§ **GIVEN DATA**:
'''
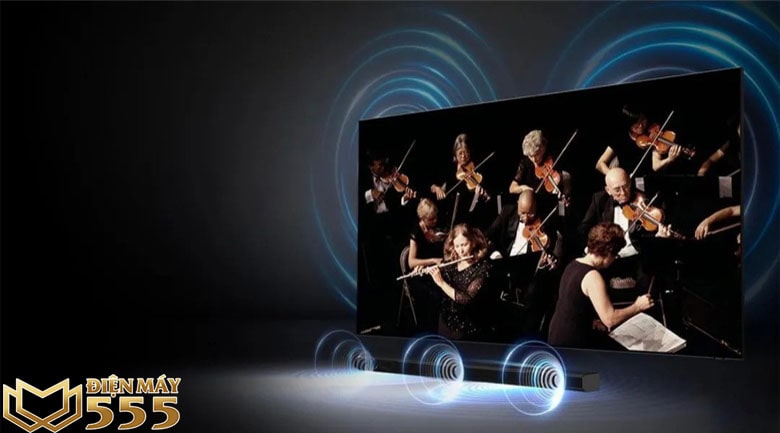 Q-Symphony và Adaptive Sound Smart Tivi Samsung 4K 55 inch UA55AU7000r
'''
'''
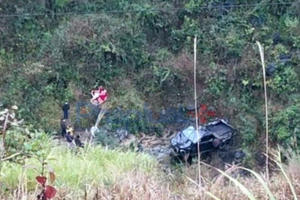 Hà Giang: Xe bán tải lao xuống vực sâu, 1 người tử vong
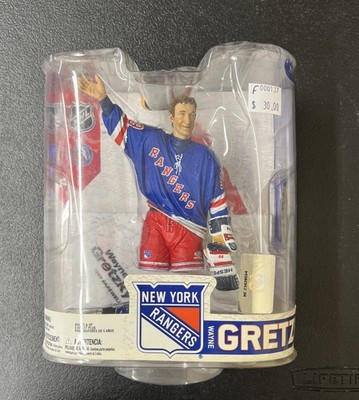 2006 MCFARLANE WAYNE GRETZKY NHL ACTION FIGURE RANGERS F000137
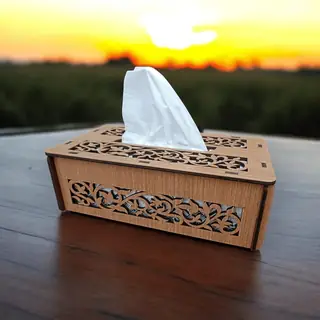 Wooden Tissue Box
'''
'''
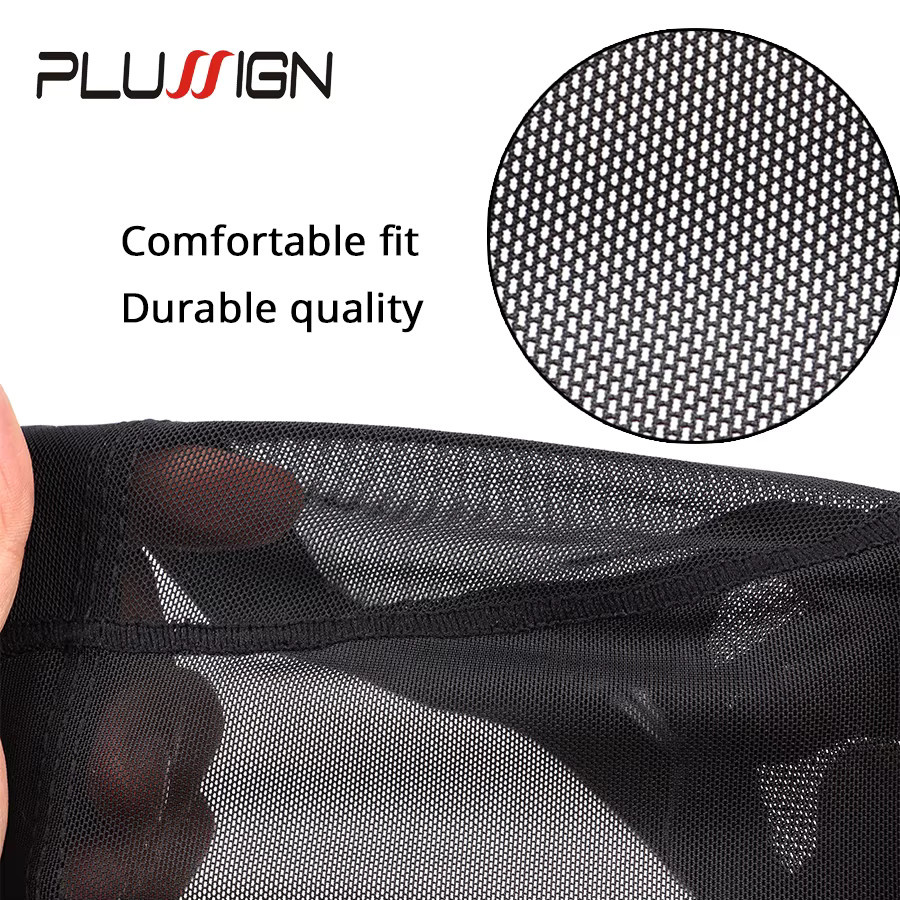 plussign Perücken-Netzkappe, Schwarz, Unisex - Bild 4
'''
§ **PROBLEM TO SOLVE**: In the entries above, find the line containing "2006 MCFARLANE WAYNE" and the line containing "Wooden Tissue Box"; give again exactly those two lines and every line between them, minus the pictures.

§ **WORKED SOLUTION**:
 2006 MCFARLANE WAYNE GRETZKY NHL ACTION FIGURE RANGERS F000137
 Wooden Tissue Box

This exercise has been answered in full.